13 - 17 January, 2020
Project Name: Webpage Wizard
Team Members: Muge Chen, Yujie Lu & Yanqiong Chen
In the world of machine learning, people train models based on dataset that are fully labeled. However, most of the application domain suffers from not having sufficient labeled data whereas unlabeled data is available cheaply. And our project also faced the same problem. Specifically, we try to do webpage classification on a dataset that only a small amount of data is labeled.
Here is the basic information of our dataset
- Dataset name: webpage-classification
- Data size: 10K pairs of {web page screenshot image, web page html source}.
- 800 samples are manually labeled {is_entity, category}
- 2590 samples are manually labeled {is_entity}
Our model aims to solve such a challenging issue by semi-supervised learning combined with some rule based methods.
First we did some pre-processing on the dataset.
- We crop and resize the render images to a fixed size
of
(224,224,3)
. - We use a html parser to extract useful information from the html data. And use word2vec to process the extracted information.
- We convert the given labels to probability of different categories.
- We also write a script to label some of the unlabeled data that
we are 95% confident. For example, the one with url that
starts with
wikipedia
or containsimdb/title
, etc.
Second we have built 3 independent models to classify the web page.
In this sub model, we use unsupervised cluster algorithm to do classification. However, the category can not be mapped to the clusters we have found, since the dataset is really biased.
First we use html parser to parse the html into plain text, and next we use doc2vec to transform the text data into a vector of 300 dimension. Then use a deep learning model to predict the category.

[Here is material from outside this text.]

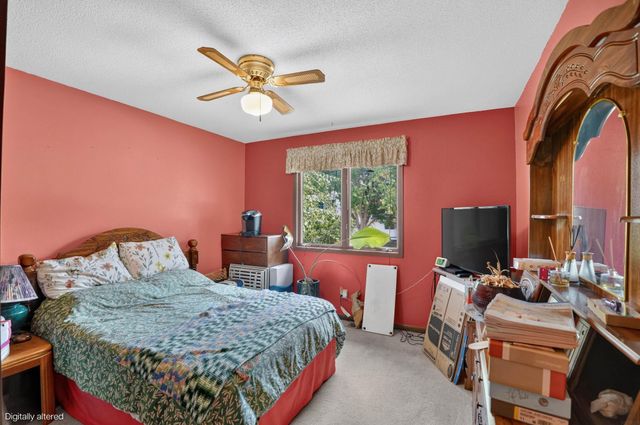 3821 Southlawn Road, Cedar Falls, IA 50613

It finally reaches an accuracy of 80% on the dataset. However, the model sometimes can not converge, we can see that there are still some problems in the model or the feature engineering.

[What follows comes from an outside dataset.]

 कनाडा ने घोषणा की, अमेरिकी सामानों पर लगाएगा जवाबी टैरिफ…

We use deep CNN to train the model, and it reaches an accuracy of 81% on the dataset and 95% on the validation set.
In addition, we have put the 2 model together. That is, we use both the html and the render to train the model, and it turns out to perform well on the dataset.

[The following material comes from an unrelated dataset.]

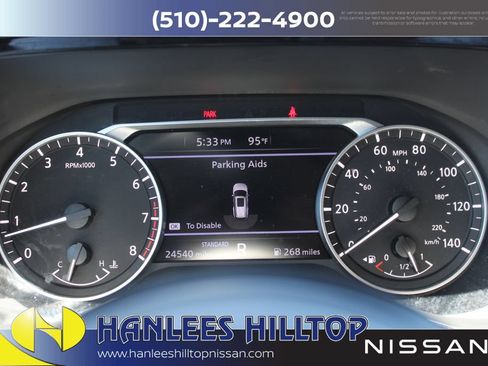 Used 2025 Nissan Pathfinder SV FWD image 32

There are many possible applications of webpage classification, for example
- We can build an extension for Chrome which can beautify the UI with different strategies based on the category of the webpage. Just like switch omega.
- The browser can collect information about which category the user visited most frequently to decide which AD to present.
[1] S4L: Self-Supervised Semi-Supervised Learning (ICCV 2019)
[2] Mean teachers are better role models: Weight-averaged consistency targets improve semi-supervised deep learning results (NIPS 2017)
[3] Le, Quoc, and Tomas Mikolov. "Distributed representations of sentences and documents." International conference on machine learning. 2014.